* _EXERCISE INSTRUCTIONS_:
Print the listing below exactly, minus its pictures.

* _GIVEN DATA_:
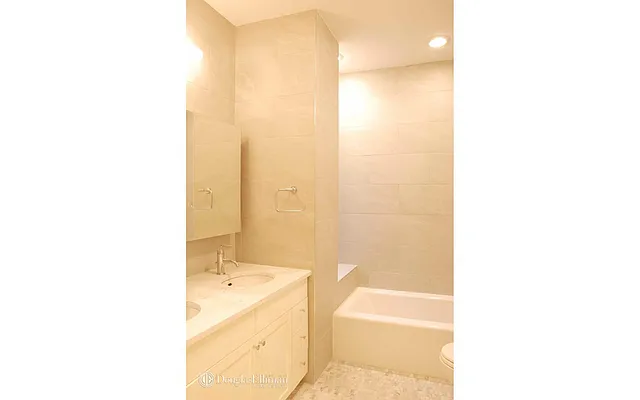 Rented by Douglas Elliman | media 20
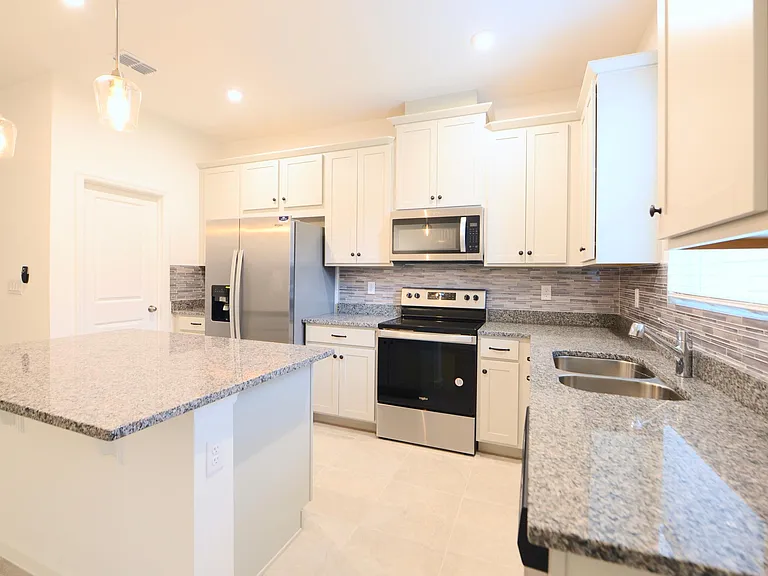 1180 Lakeshore Breeze Pl — Photo 4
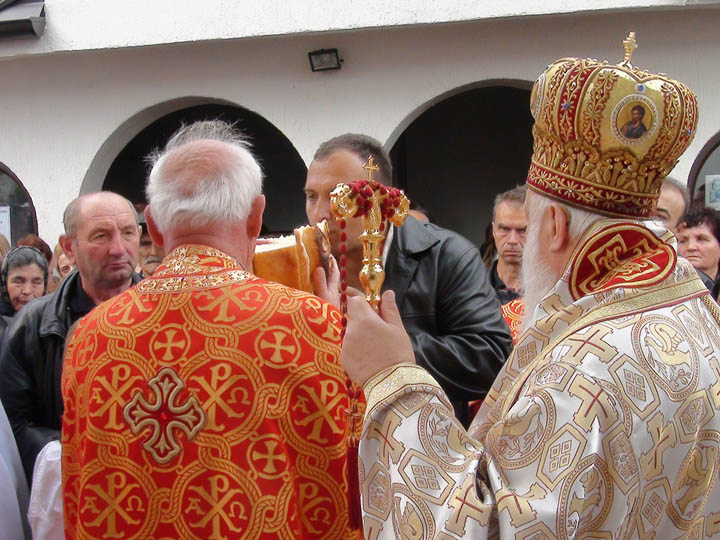 Sveštenici neće smjeti da traže dodatni novac za vjenčanja, krštenja, osveštanja vodice, sahrane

* _ANSWER TO THE EXERCISE_:
 Rented by Douglas Elliman | media 20
 1180 Lakeshore Breeze Pl — Photo 4
 Sveštenici neće smjeti da traže dodatni novac za vjenčanja, krštenja, osveštanja vodice, sahrane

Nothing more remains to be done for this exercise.